Sin embargo, más escalofriante, Dunthorne encuentra una carta que conecta a Siegfried con la compra de armas químicas de Turquía de Alemania, armas presuntamente utilizadas para masacrar armenios y kurdos en la ciudad de Dersim. Él también señala que la máscara de gas filtros Siegfried ayudó a desarrollar permitió a los prisioneros judíos eliminar cadáveres de las cámaras de gas.
Siegfried luego emigró a los Estados Unidos con su esposa, Lilli, y trabajó en una fábrica de pintura de Nueva Jersey. Después de su retiro, su ansiedad y depresión de toda la vida empeoraron, y fue, por un tiempo, institucionalizado. Con la ayuda de su madre, Dunthorne obtiene los registros psiquiátricos de Siegfried, un golpe de investigación, y los usa para reconstruir su vida temprana.

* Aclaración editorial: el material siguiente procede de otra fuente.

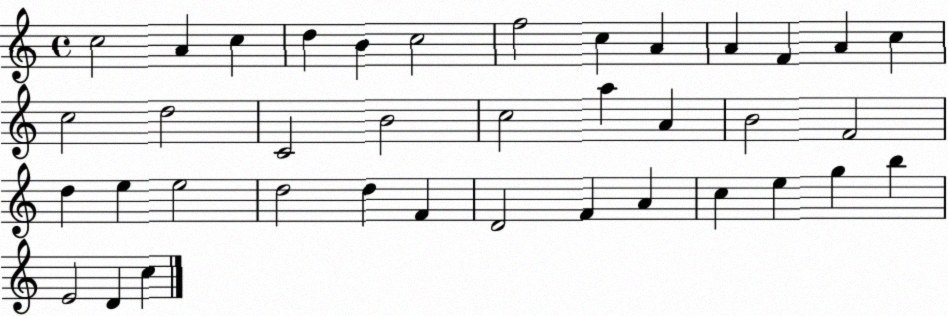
X:1
T:Untitled
M:4/4
L:1/4
K:C
c2 A c d B c2 f2 c A A F A c c2 d2 C2 B2 c2 a A B2 F2 d e e2 d2 d F D2 F A c e g b E2 D c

Al final, el Memoirist lucha con la complicidad de su bisabuelo y los continuos lazos de su familia con Alemania. Entre sus descubrimientos se encuentran misivas editoriales de Siegfried que predican el desarme global. “En sus cartas, imaginó un futuro más seguro, y en sus memorias inventó un pasado más seguro”, escribe Dunthorne, avanzando de la condena a la empatía.
Klein es un reportero cultural y crítico en Filadelfia y el crítico de libros contribuyente del delantero.